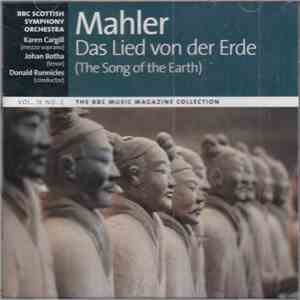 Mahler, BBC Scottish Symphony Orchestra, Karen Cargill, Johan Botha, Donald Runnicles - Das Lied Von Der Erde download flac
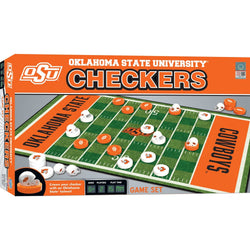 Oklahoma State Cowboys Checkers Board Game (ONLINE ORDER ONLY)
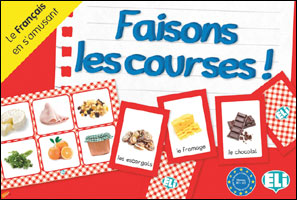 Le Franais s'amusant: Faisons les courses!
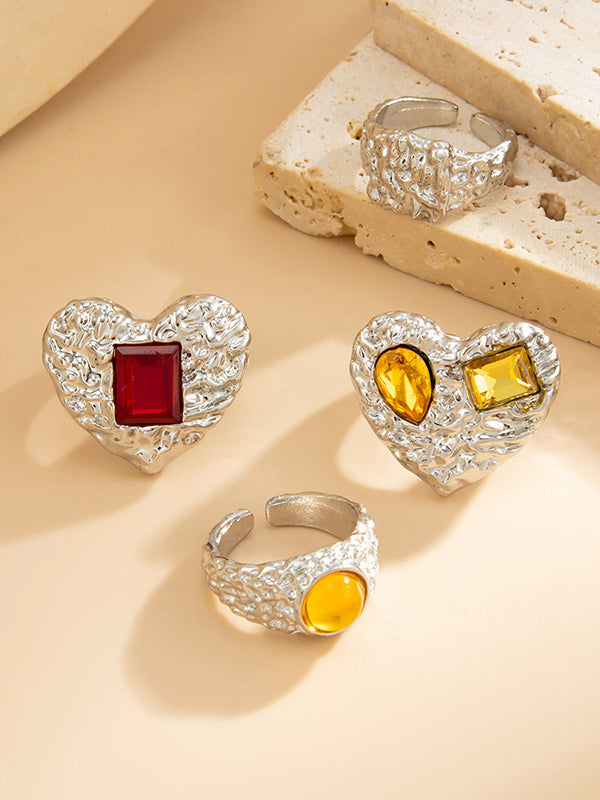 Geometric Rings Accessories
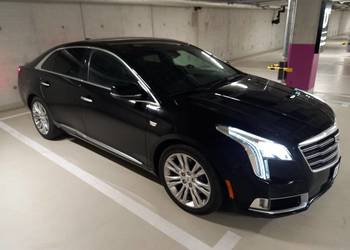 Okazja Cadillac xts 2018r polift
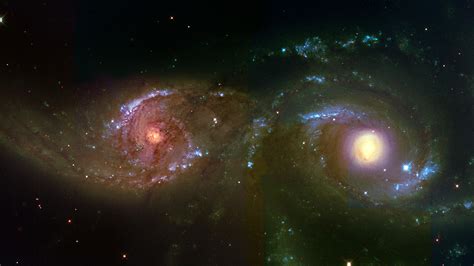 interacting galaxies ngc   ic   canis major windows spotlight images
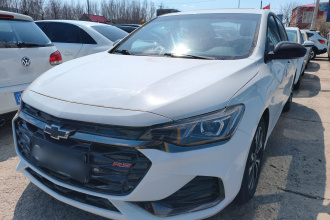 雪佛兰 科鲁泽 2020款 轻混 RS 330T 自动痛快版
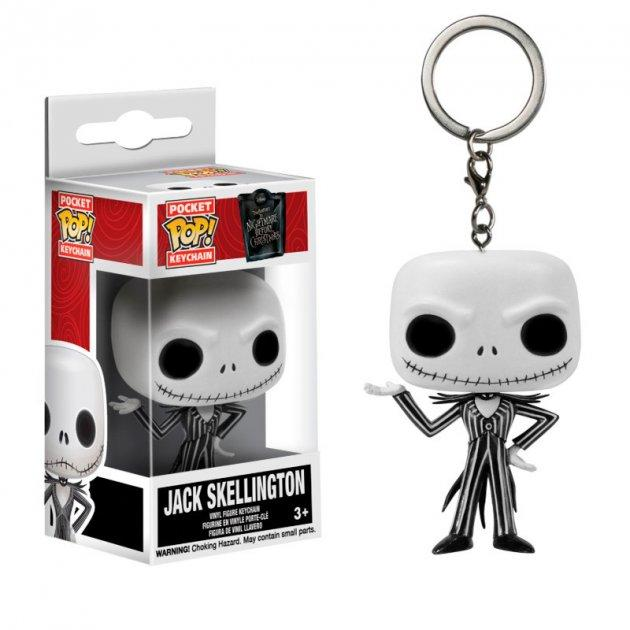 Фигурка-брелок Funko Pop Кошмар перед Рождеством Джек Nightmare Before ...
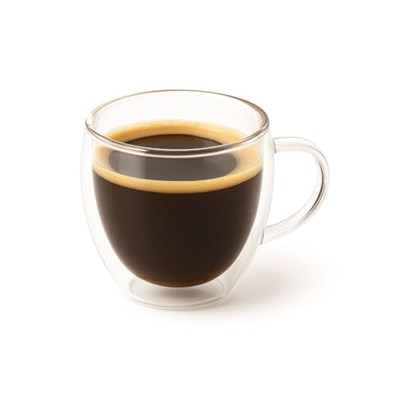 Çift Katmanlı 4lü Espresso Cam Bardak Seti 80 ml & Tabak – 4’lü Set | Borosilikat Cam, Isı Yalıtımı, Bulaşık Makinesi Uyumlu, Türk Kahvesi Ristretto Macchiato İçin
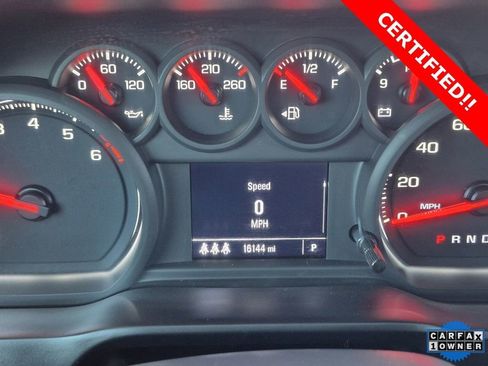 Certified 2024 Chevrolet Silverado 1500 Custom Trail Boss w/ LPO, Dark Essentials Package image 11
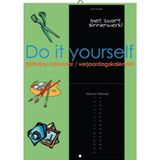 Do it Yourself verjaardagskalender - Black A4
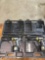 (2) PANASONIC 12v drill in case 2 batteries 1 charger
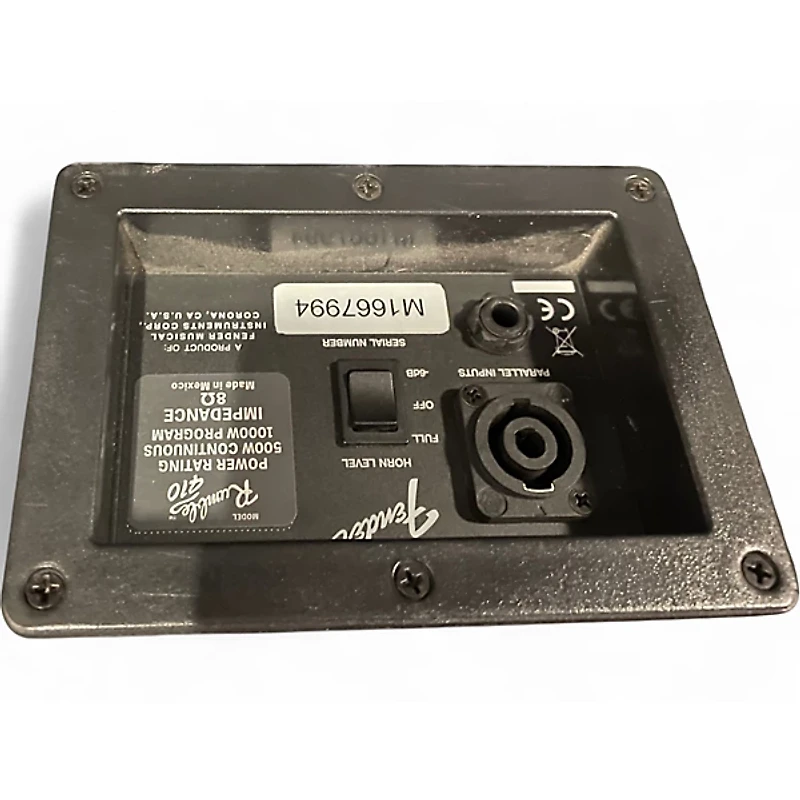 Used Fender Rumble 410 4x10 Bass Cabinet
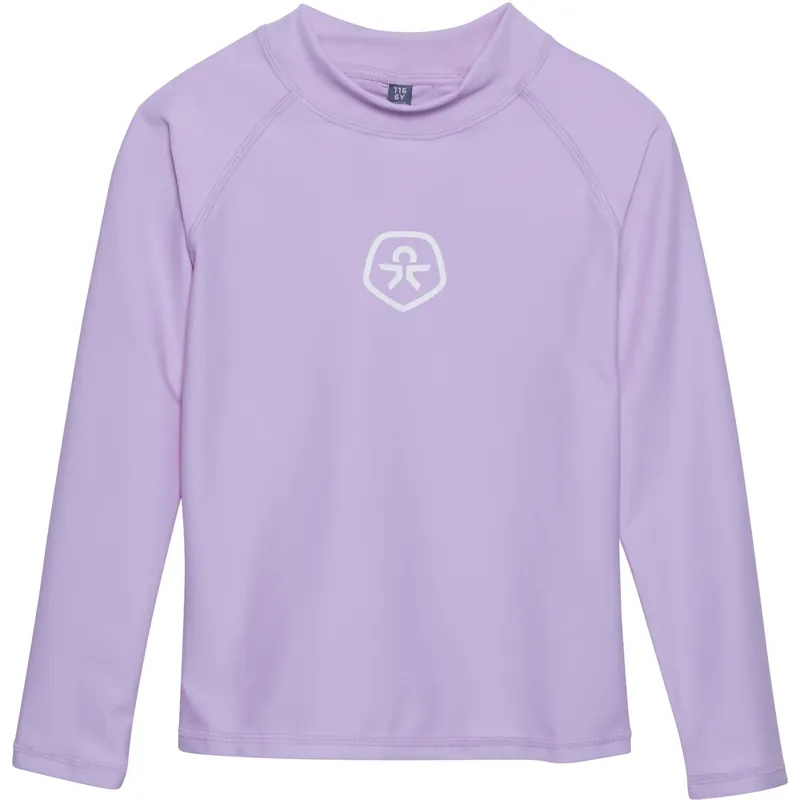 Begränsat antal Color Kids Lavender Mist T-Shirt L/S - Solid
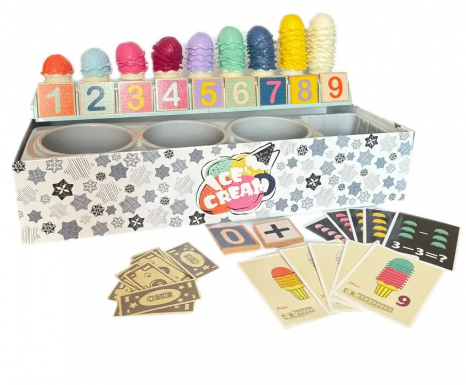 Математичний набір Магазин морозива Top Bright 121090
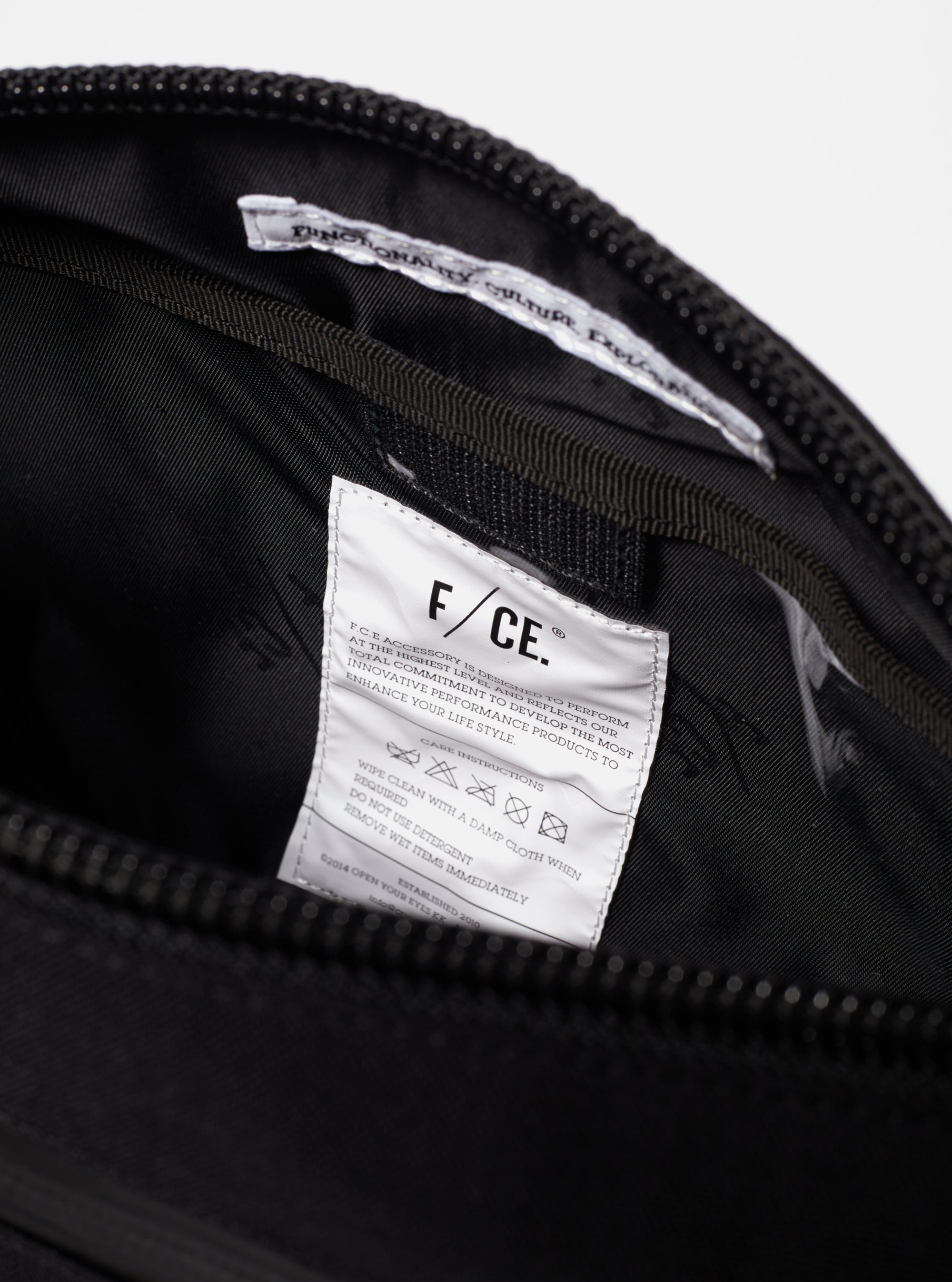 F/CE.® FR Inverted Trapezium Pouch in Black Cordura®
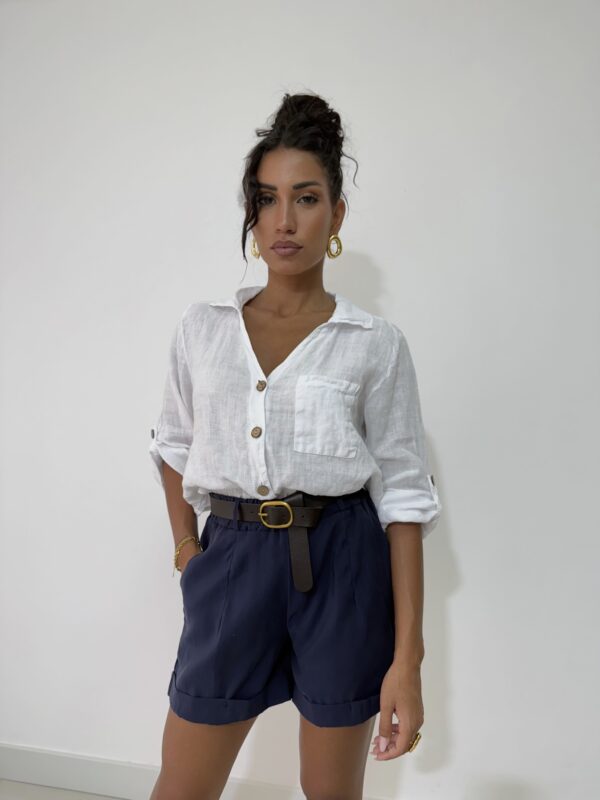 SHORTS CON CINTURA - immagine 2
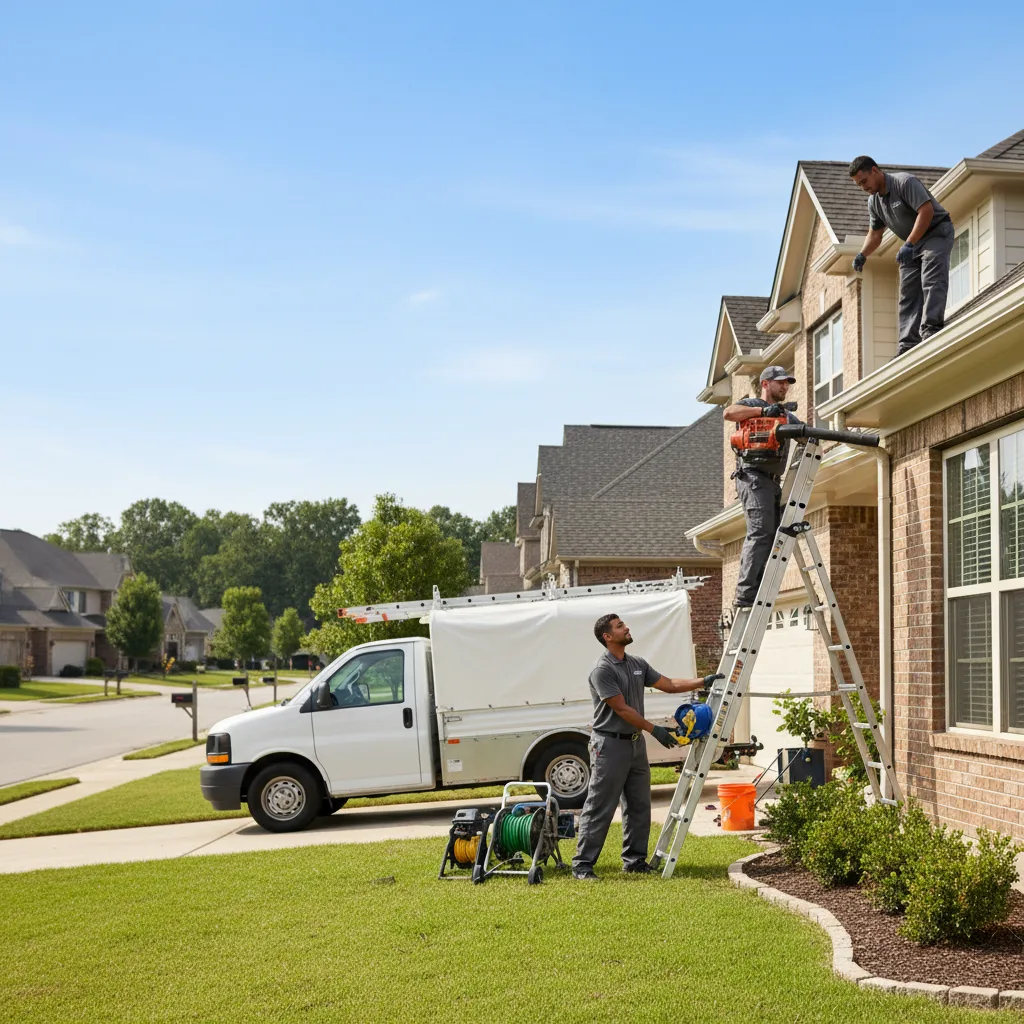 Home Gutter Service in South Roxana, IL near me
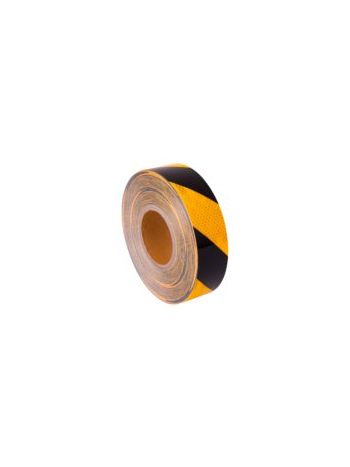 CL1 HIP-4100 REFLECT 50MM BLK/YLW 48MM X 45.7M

### TASK DIRECTIONS
The pictures stay out; copy the rest of the data word for word.

### YOUR SOLUTION
 Mahler, BBC Scottish Symphony Orchestra, Karen Cargill, Johan Botha, Donald Runnicles - Das Lied Von Der Erde download flac
 Oklahoma State Cowboys Checkers Board Game (ONLINE ORDER ONLY)
 Le Franais s'amusant: Faisons les courses!
 Geometric Rings Accessories
 Okazja Cadillac xts 2018r polift
 interacting galaxies ngc   ic   canis major windows spotlight images
 雪佛兰 科鲁泽 2020款 轻混 RS 330T 自动痛快版
 Фигурка-брелок Funko Pop Кошмар перед Рождеством Джек Nightmare Before ...
 Çift Katmanlı 4lü Espresso Cam Bardak Seti 80 ml & Tabak – 4’lü Set | Borosilikat Cam, Isı Yalıtımı, Bulaşık Makinesi Uyumlu, Türk Kahvesi Ristretto Macchiato İçin
 Certified 2024 Chevrolet Silverado 1500 Custom Trail Boss w/ LPO, Dark Essentials Package image 11
 Do it Yourself verjaardagskalender - Black A4
 (2) PANASONIC 12v drill in case 2 batteries 1 charger
 Used Fender Rumble 410 4x10 Bass Cabinet
 Begränsat antal Color Kids Lavender Mist T-Shirt L/S - Solid
 Математичний набір Магазин морозива Top Bright 121090
 F/CE.® FR Inverted Trapezium Pouch in Black Cordura®
 SHORTS CON CINTURA - immagine 2
 Home Gutter Service in South Roxana, IL near me
 CL1 HIP-4100 REFLECT 50MM BLK/YLW 48MM X 45.7M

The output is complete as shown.